A Justiça acolheu a tese da promotoria de que é possível o estupro mesmo sem contato físico. O precedente utilizado foi um julgamento do STJ, que condenou por estupro um homem que levou uma menina de 13 anos a um motel e praticou masturbação vendo a criança se despir, mas sem tocá-la.
O estupro virtual encontra-se em uma linha tênue com o crime de pornografia infantil. Segundo Carolina Christofoletti, advogada e pesquisadora de redes de materiais de abuso sexual infantil, a gravação desses tipos de atos, antigamente, exigia que o estuprador e a criança ou o adolescente estivessem no mesmo local, para que a cena fosse gravada.
Atualmente, com o fácil acesso a aparelhos com câmeras, os criminosos mudaram a forma de atuar, pois conseguem produzir materiais sem o envolvimento da própria imagem no conteúdo.
“[…] pode-se falar em “estupro virtual” em um sentido no qual o abusador inicia uma conversa com a criança, normalmente em redes sociais, e a convence do envio de conteúdo de fotos ou vídeos ou da realização de lives, passando segurança de que os atos não serão guardados ou gravados, mas, na realidade, são até mesmo vendidos.”
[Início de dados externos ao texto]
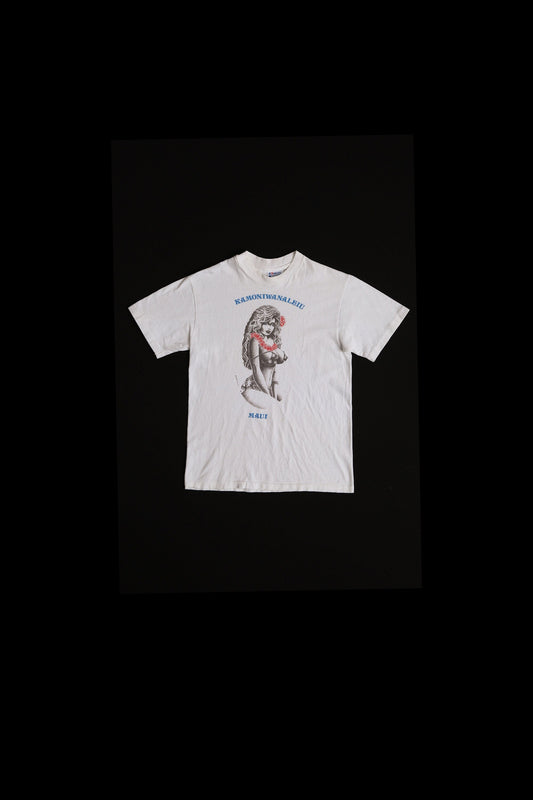 Vintage Maui Girl Graphic T-shirt - Kamoniwanaleiu - Hawaii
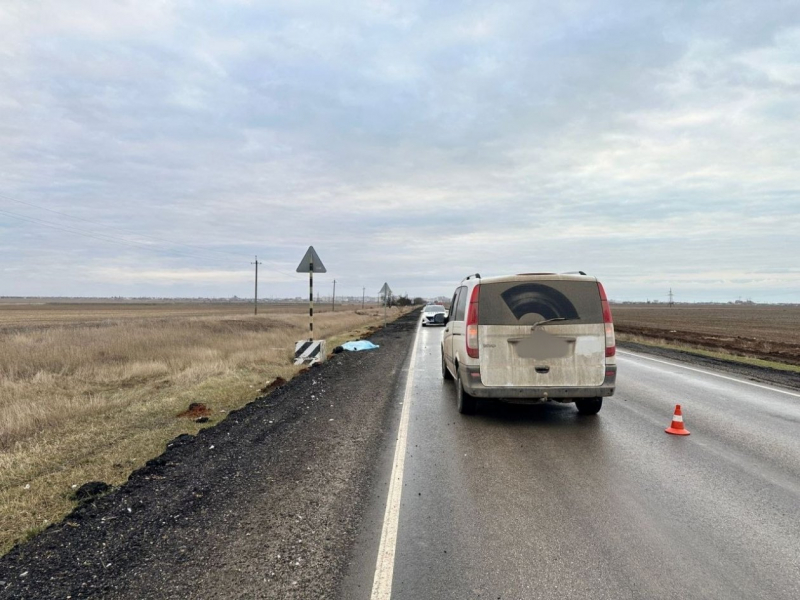 Водитель иномарки при обгоне насмерть сбил пешехода в Крыму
Segundo a pesquisadora, a gravidade dos atos pode levar a uma extorsão sexual e pode provocar, até mesmo, suicídios.
“Isso criou uma situação terrível na qual justamente os criminosos usavam dessas redes de contato para criar situações em que, por exemplo, se fala que se a criança ou o adolescente não mandasse mais materiais ou não pagasse um determinado valor, essas imagens que já tinham sido enviadas seriam enviadas para a lista de contato justamente da criança ou do adolescente.”
Carolina Christofoletti aponta que, se a criança ou adolescente estiver sendo vítima de um abusador em plataformas online, é necessário reportar à plataforma o incidente para preservar qualquer tipo de comunicação, evidências que poderão ser úteis em eventual ação penal. Essa denúncia é importante até mesmo para a plataforma pode criar ou fortalecer mecanismos para conter os crimes.
Veja a entrevista:
O caso Mary Letourneau voltou a ser debatido com o lançamento do filme, no último ano. Mas, como visto, há mais tempo o Legistlativo e Judiciário tentam suprir lacunas e julgar nuances envolvendo relações entre menores e maiores de idade, principalmente quando envolvem questões de consentimento.
Simultaneamente, o avanço tecnológico e a prevalência das redes sociais originaram novas formas do abuso. Há, portanto, um desafio contínuo no equilíbrio da proteção legal, liberdades individuais e evolução das normas sociais. Esses debates e decisões, ao fim e ao cabo, devem promover mais conscientização e proteger, efetivamente, os mais vulneráveis.